> [Exercise objective]: Working from the top of the records below, reproduce each line exactly, ending once you have written the line containing "Beige knit Christmas sock emoji".

—————

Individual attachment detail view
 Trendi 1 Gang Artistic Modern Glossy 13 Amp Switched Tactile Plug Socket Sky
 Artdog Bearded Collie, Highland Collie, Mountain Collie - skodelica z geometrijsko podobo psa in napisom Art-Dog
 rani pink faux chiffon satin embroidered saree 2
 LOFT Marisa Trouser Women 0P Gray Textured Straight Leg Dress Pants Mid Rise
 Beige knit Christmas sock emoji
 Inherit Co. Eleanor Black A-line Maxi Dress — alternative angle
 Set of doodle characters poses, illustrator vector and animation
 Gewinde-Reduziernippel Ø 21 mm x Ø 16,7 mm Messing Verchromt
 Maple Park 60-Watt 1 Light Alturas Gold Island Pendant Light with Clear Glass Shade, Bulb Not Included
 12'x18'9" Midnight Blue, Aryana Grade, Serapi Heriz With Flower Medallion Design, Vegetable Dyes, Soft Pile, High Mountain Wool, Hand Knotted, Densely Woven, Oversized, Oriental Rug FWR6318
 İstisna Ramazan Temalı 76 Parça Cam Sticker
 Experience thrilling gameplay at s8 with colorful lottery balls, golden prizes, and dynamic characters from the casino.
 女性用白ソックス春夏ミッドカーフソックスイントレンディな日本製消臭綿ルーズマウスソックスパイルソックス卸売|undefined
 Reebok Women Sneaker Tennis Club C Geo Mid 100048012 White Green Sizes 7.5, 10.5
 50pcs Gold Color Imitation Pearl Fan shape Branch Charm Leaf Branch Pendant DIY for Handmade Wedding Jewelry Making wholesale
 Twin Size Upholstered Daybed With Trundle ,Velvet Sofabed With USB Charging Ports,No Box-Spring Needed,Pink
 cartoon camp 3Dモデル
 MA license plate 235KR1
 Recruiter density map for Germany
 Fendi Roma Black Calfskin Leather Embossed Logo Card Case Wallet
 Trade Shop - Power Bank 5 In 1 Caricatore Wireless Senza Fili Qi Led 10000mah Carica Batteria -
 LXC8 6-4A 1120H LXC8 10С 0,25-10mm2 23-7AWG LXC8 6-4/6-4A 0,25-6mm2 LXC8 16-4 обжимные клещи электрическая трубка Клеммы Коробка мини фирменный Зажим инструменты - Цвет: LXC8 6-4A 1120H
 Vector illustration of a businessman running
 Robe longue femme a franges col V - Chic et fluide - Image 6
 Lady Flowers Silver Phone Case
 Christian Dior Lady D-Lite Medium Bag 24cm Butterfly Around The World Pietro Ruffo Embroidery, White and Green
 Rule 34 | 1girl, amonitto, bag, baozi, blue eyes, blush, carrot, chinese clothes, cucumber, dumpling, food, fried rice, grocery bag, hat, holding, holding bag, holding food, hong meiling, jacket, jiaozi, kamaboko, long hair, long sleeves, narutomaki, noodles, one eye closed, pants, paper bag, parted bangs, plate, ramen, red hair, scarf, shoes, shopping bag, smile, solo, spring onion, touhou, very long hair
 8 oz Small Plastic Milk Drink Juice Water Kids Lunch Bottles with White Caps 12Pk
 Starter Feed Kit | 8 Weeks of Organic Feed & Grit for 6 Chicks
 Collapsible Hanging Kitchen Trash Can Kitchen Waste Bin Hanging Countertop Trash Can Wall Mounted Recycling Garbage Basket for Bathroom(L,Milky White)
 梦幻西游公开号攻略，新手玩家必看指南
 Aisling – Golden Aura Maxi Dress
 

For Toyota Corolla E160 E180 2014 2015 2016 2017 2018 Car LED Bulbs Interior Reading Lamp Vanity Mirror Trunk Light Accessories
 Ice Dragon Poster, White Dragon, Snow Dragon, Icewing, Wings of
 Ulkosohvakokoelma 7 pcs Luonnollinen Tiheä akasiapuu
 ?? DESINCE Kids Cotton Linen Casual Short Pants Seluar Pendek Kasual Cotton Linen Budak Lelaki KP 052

—————

> [Final answer]:
Individual attachment detail view
 Trendi 1 Gang Artistic Modern Glossy 13 Amp Switched Tactile Plug Socket Sky
 Artdog Bearded Collie, Highland Collie, Mountain Collie - skodelica z geometrijsko podobo psa in napisom Art-Dog
 rani pink faux chiffon satin embroidered saree 2
 LOFT Marisa Trouser Women 0P Gray Textured Straight Leg Dress Pants Mid Rise
 Beige knit Christmas sock emoji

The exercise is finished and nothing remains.